Mar 7, 2008, 6:44 PM

Post #19 of 69 (2280 views)
Permalink
Re: Customer-facing ACLs [In reply to]

Scott Weeks wrote:
> We need to take this off-line. All long timers are groaning, rolling their eyes and putting this in their kill file.

Are the long-timers groaning and ignoring this thread? I certainly hope
not. It's threads like these that need the benefit of their experience
the most. Perhaps the long-timers could recommend a better destination
for queries like these because I have more questions I want to ask (my
next being about walled gardens). If they're tired of answering the
same threads over and over again, then the query must be common enough
to warrant a BCP or at the very least a couple documents in a
knowledgebase somewhere. Perhaps my Google-fu isn't what it used to be
but I couldn't manage to find any relevant docs online; not even a NANOG
presentation.

> Try convincing your product managers to create a new product just to appease 'sysadmin types'.

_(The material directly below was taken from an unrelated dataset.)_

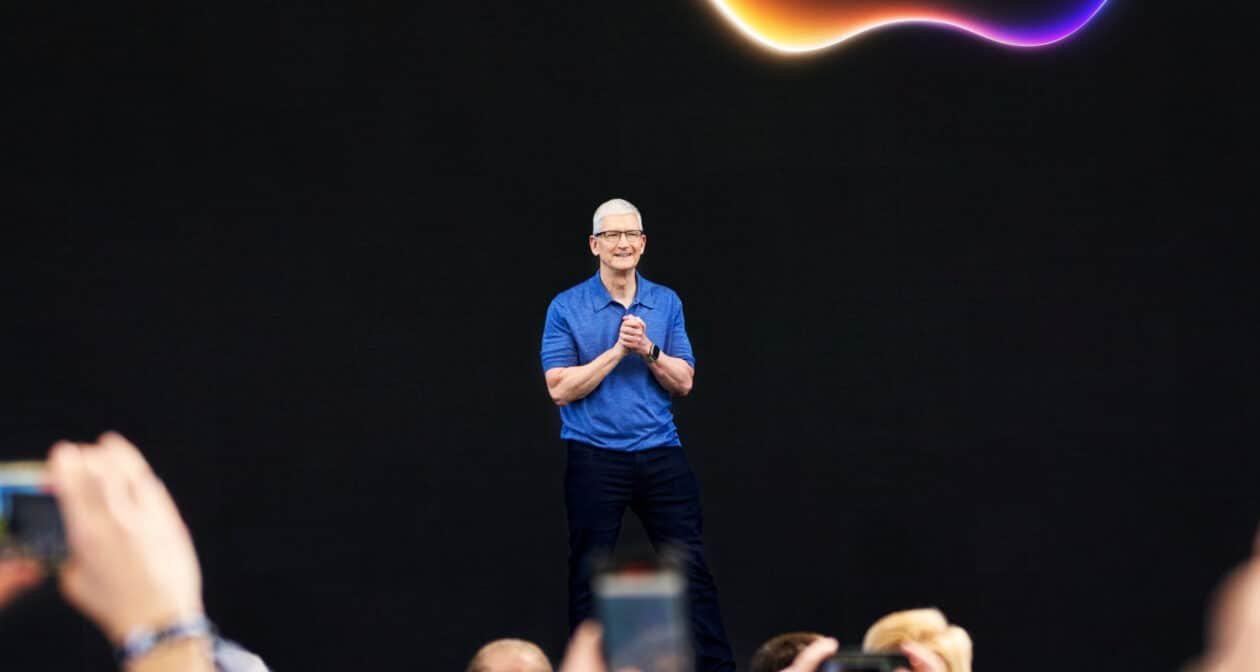 Tim Cook detalha plano de sucessão na Apple e reforça atuação política sobre imigração nos Estados Unidos - Imagem do artigo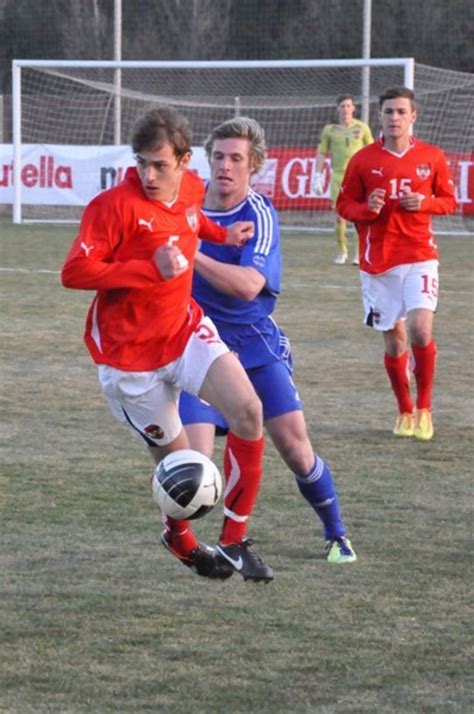 Nach dem frühstück und auschecken vom hotel fahren wir mit dem katamaran (1,5 std.) nach. Österreich - Slowakei: 2:0-Sieg für das U19-Nationalteam ...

We're not in the business of alienating any customers. If we can create
a bundle that meets a group of potential customers' needs we will. It's
just another paragraph on the sales literature that we give our CSRs and
a little more work that I'll have to do in configuration. I'm planning
on rolling out SOHO and Gamer packages this year. Adding a SysAdmin
package wouldn't be much additional work. I predict the adoption rate
to be the highest with the Gamer package, followed by the SOHO package
and finally the SysAdmin package.

I hope this thread isn't destined for an untimely death. I've received
a number of off-list queries for summary information because those
individuals are also interested in customer-facing ACLs. The
information I have to summarize at this point is brief and incomplete.

Justin


andy at xecu

Mar 7, 2008, 6:54 PM

Post #20 of 69 (2287 views)
Permalink
Re: Customer-facing ACLs [In reply to]

On Fri, 7 Mar 2008, Dave Pooser wrote:

>
> > Might as well do TCP 20, 21 and 23, too. Woah, that slope's getting slippery!
>
> Do bots try brute force attacks on Telnet and FTP? All I see at my firewall
> are SSH attacks and spam. But sure, if there's a lot of Telnet abuse block
> 23 too; I think it's used about as rarely by "normal" customers as SSH is.
>
> And I'm amazed how often "slippery slope" arguments are deployed to oppose
> any sort of change at all. What percentage of consumer broadband users do
> you think use SSH to connect to remote servers? 1%? 0.1%? 0.01%? It seems
> intuitively obvious that the number of people who will call the help desk to
> unblock their SSH (which should be a ~2 minute call anyway, if not a
> self-service Web page with captcha) would be an order of magnitude less than
> the number of remote network users who WON'T be calling/emailing your abuse
> desk to complain about bots on your network hammering their servers.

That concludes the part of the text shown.